Getting the Business from BizRadio

May 26, 2011

On May 20, 2011, in Securities And Exchange Commission v. David Gordon Wallace, Jr. And Costa Bajjali (SD Texas, 11-CV-1932, May 20, 2011), the SEC filed a Complaint seeking civil money penalties and a permanent injunction from future violations of federal securities laws.

NOTE: The allegations in the Complaint are merely accusations and Defendants are presumed innocent unless and until proven guilty in a court of law.

SIDE BAR: This suit is a related case to:


On Nov. 13, 2009, the SEC sued Albert Fase Kaleta and his company, Kaleta Capital Management, Inc. (KCM), in the United States District Court in Houston, Texas. The SEC alleged that Kaleta and KCM defrauded investors in the offer and sale of KCM-issued promissory notes in an offering that raised $10 million from approximately 50 investors.

Additionally, the SEC sued two other entities as Relief Defendants ,solely for the purposes of equitable relief.: 

  • Business Radio Network, L.P. d/b/a BizRadio (BizRadio) ;and
  • Daniel Frishberg Financial Services, Inc. (d/b/a DFFS Capital Management, Inc.) (DFFS)

The SEC alleged that Kaleta lied to investors about the intended uses of offering proceeds; for example, he took approximately $1.5 million of the offering proceeds to pay personal expenses.


Without admitting or denying the allegations, Kaleta and KCM consented to permanent injunctions against future violations of the antifraud provisions, as well as an order appointing a receiver. The Court will determine the amount of disgorgement and civil penalty that will be assessed against Kaleta and KCM.

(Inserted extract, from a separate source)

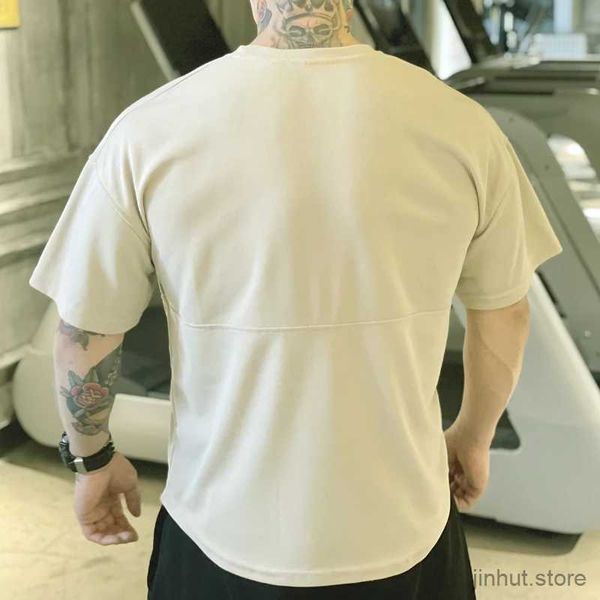 Camisetas masculinas Gimens Gym Mens Fitness Clothing Deportes masculinos Camiseta de gran tamaño Entrenamiento suelto Toe seca Tops casuales de verano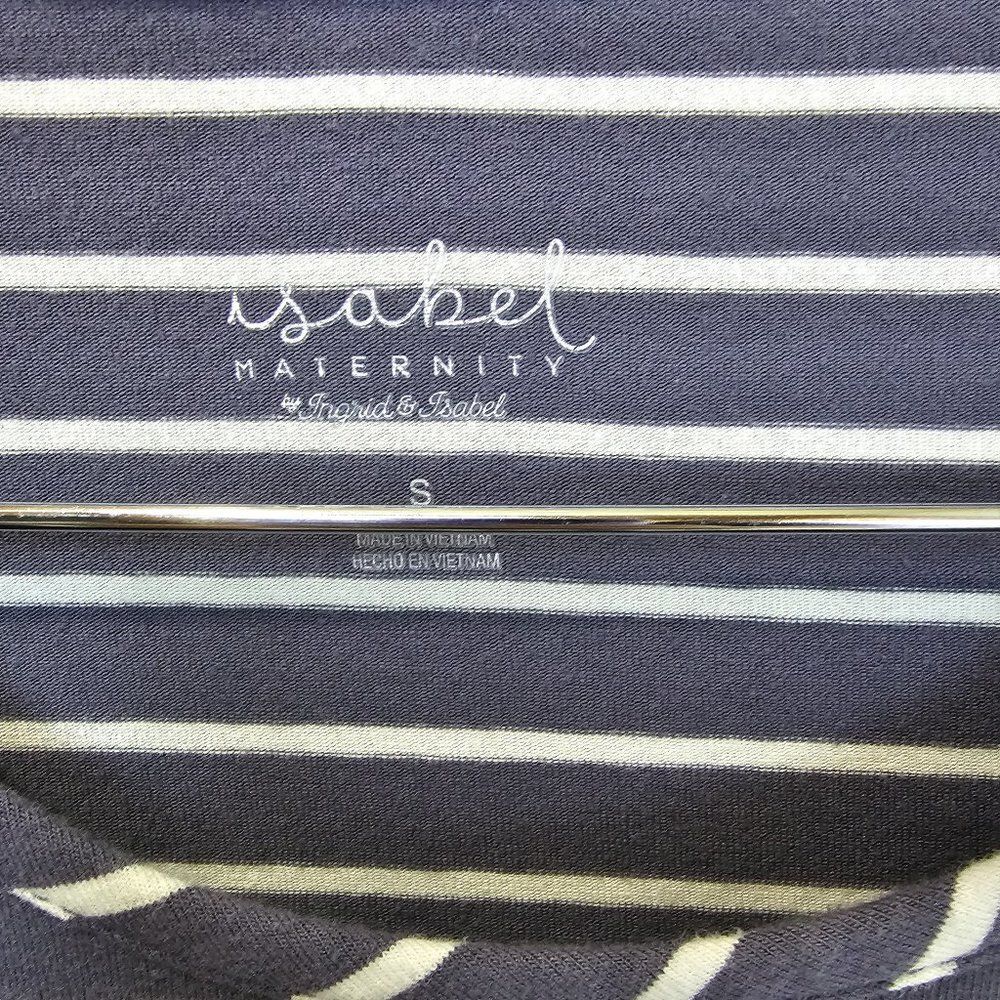 Isabel Maternity Ingrid & Isabel Blue Grey Ruched T-Shirt Dress Stripe Size S - Picture 5 of 6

Daniel Sholom Frishberg, 65, a resident of Houston, Texas, was:

  • CEO and a 56%  owner of the DFFS, an SEC-registered Investment Adviser.; and
  • CEO and president of BizRadio, a limited partnership that invested in radio stations dedicated to business and market talk shows.

Frishberg consented to:

  • entry of a permanent injunction ;
  • payment of a $65,000 civil penalty; and
  • institution of follow-on administrative proceedings that will bar him from association with an investment adviser.

Wallace and Bajjali

The SEC alleges that beginning in 2006, Wallace, now 49, and Bajjali, now 45, entered into an agreement with a Houston investment-adviser firm (although not named in the Wallace and Bajjali Complaint, the firm appears to be DFFS) ("Investment Adviser") under which the Investment Adviser could recommend to its clients securities investments in the Wallace-Bajjali Fund and the Opportunity Fund, both controlled by Wallace and Bajjali.

Wallace-Bajjali Fund

From November 28, 2006, through December 31, 2007, the Wallace-Bajjali Fund raised money (mostly from clients of the Investment Adviser) through the sales efforts of Wallace and Bajjali and the recommendations of the Investment Adviser. In undertaking the offering, Wallace and Bajjali distributed a private-placement memorandum ("PPM") containing information for investors about the Wallace-Bajjali Fund securities offering. The PPM said the Wallace-Bajjali Fund would invest no more than 33% of the offering proceeds in any one business.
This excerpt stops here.